Exercise brief -
Please copy the data exactly as it stands, minus the images.

Collected data entries:
==========
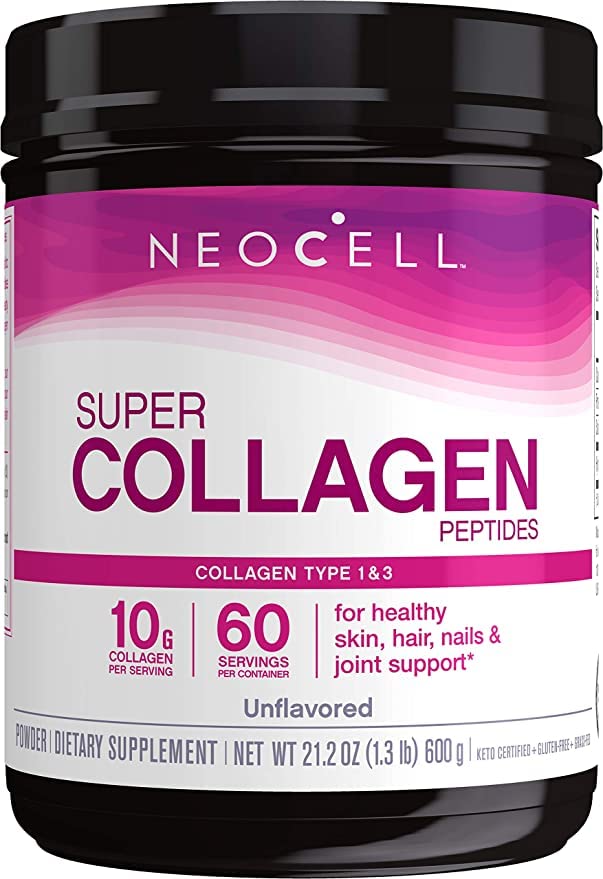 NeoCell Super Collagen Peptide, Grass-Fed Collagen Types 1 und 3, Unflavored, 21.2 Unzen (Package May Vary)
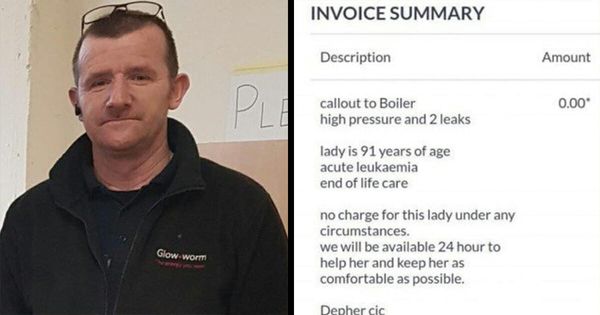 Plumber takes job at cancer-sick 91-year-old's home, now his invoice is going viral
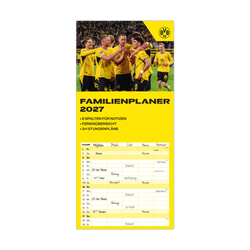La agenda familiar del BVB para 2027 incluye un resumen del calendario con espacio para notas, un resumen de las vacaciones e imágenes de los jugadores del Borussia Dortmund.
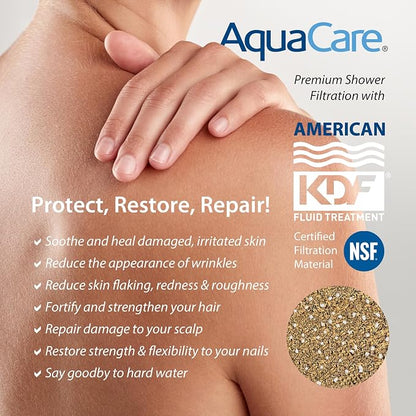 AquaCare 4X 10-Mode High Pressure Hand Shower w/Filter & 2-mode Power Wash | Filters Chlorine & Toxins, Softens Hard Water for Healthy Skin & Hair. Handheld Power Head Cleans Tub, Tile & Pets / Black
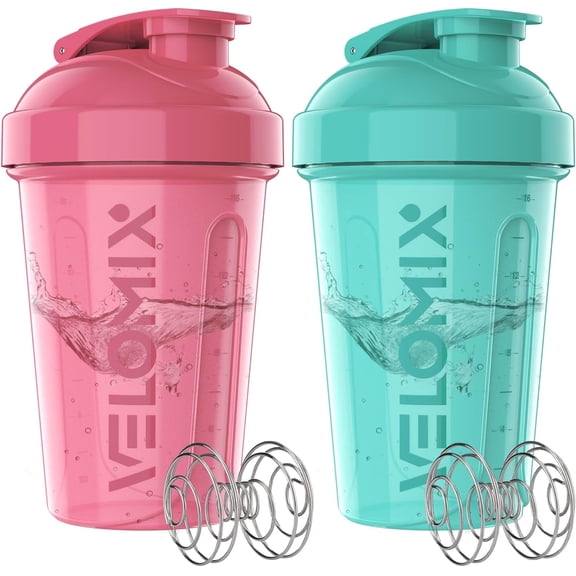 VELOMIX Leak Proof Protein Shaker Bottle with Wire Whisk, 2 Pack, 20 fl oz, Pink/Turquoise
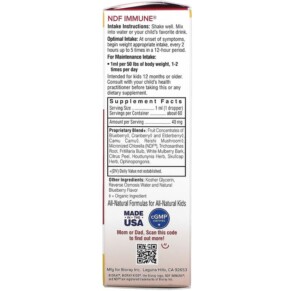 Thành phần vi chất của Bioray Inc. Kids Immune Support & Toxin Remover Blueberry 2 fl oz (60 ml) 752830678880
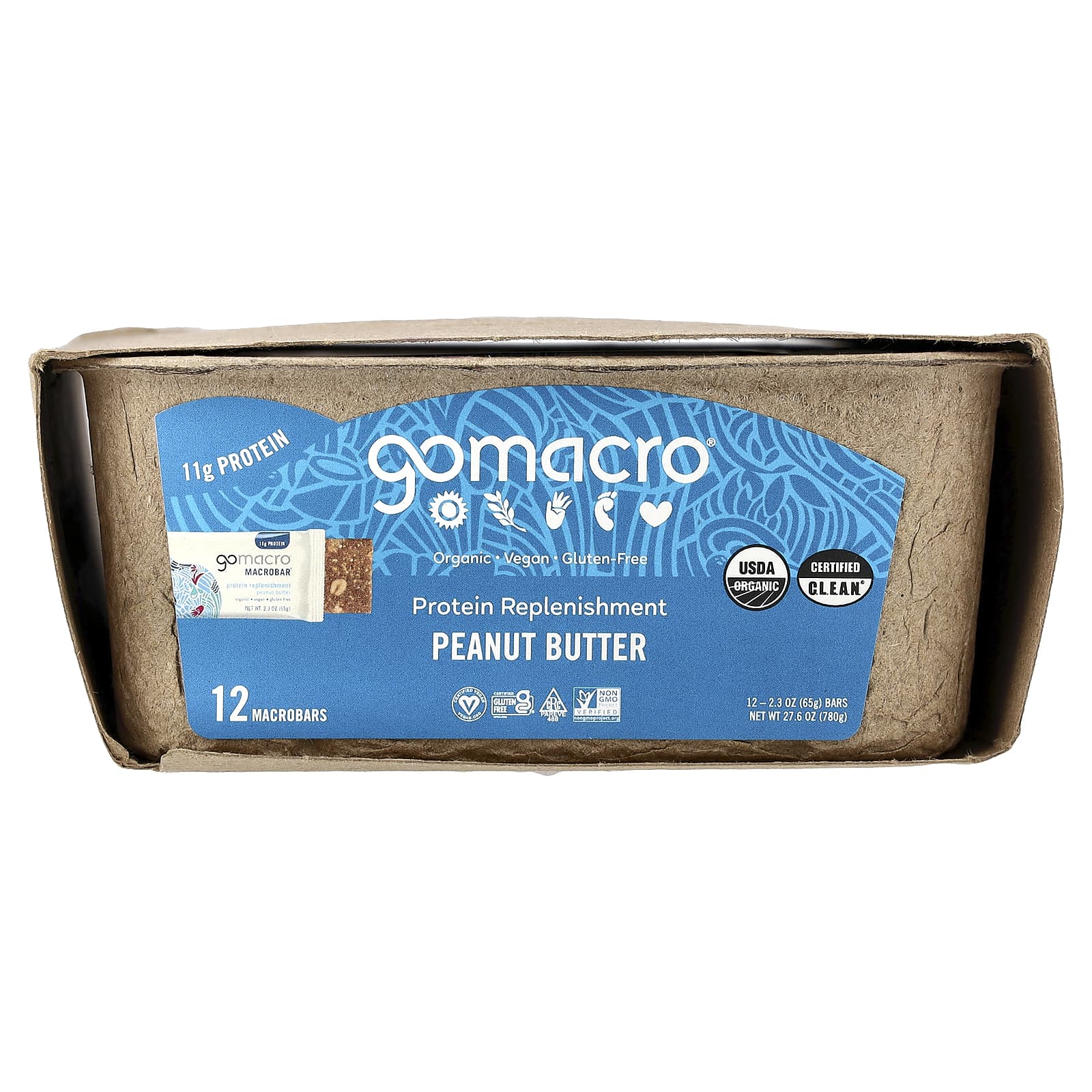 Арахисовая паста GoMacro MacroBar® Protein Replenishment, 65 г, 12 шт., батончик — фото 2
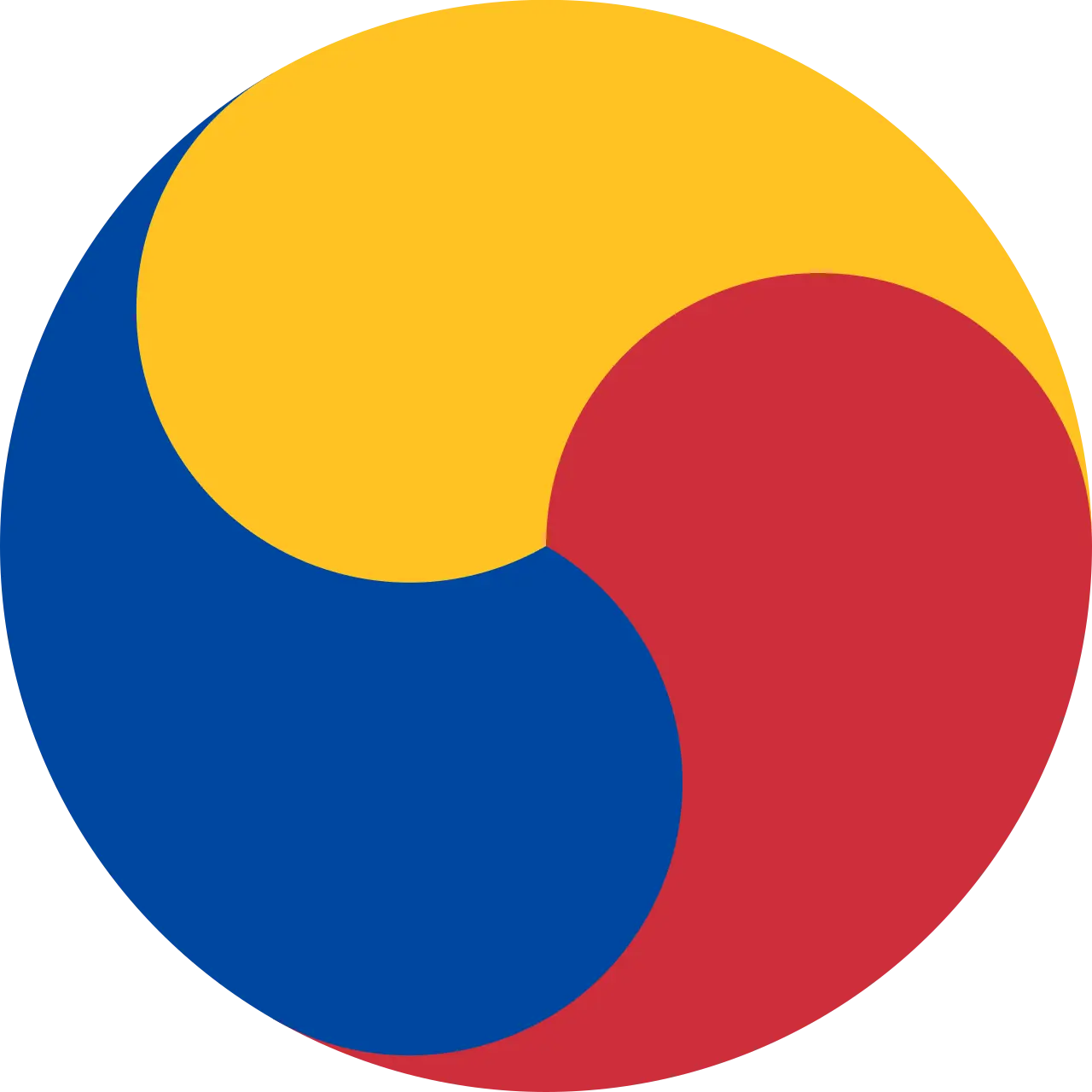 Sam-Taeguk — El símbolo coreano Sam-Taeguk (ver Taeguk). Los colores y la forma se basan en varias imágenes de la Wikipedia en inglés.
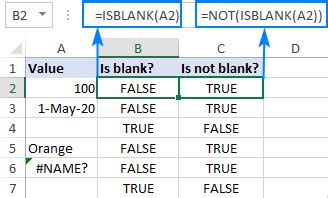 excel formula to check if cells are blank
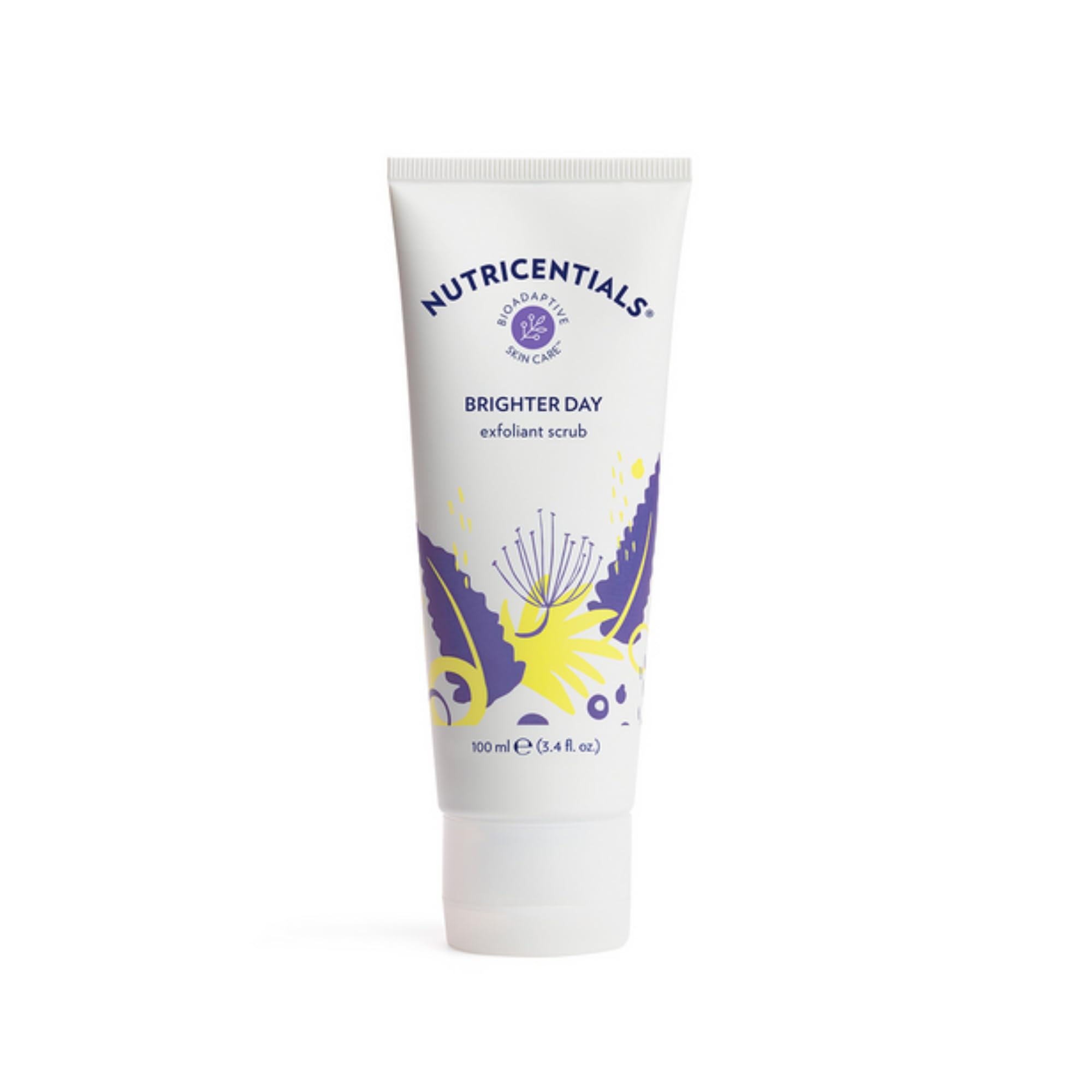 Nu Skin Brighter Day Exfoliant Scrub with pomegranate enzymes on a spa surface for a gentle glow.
==========
The completed task -
 NeoCell Super Collagen Peptide, Grass-Fed Collagen Types 1 und 3, Unflavored, 21.2 Unzen (Package May Vary)
 Plumber takes job at cancer-sick 91-year-old's home, now his invoice is going viral
La agenda familiar del BVB para 2027 incluye un resumen del calendario con espacio para notas, un resumen de las vacaciones e imágenes de los jugadores del Borussia Dortmund.
 AquaCare 4X 10-Mode High Pressure Hand Shower w/Filter & 2-mode Power Wash | Filters Chlorine & Toxins, Softens Hard Water for Healthy Skin & Hair. Handheld Power Head Cleans Tub, Tile & Pets / Black
 VELOMIX Leak Proof Protein Shaker Bottle with Wire Whisk, 2 Pack, 20 fl oz, Pink/Turquoise
 Thành phần vi chất của Bioray Inc. Kids Immune Support & Toxin Remover Blueberry 2 fl oz (60 ml) 752830678880
 Арахисовая паста GoMacro MacroBar® Protein Replenishment, 65 г, 12 шт., батончик — фото 2
 Sam-Taeguk — El símbolo coreano Sam-Taeguk (ver Taeguk). Los colores y la forma se basan en varias imágenes de la Wikipedia en inglés.
 excel formula to check if cells are blank
 Nu Skin Brighter Day Exfoliant Scrub with pomegranate enzymes on a spa surface for a gentle glow.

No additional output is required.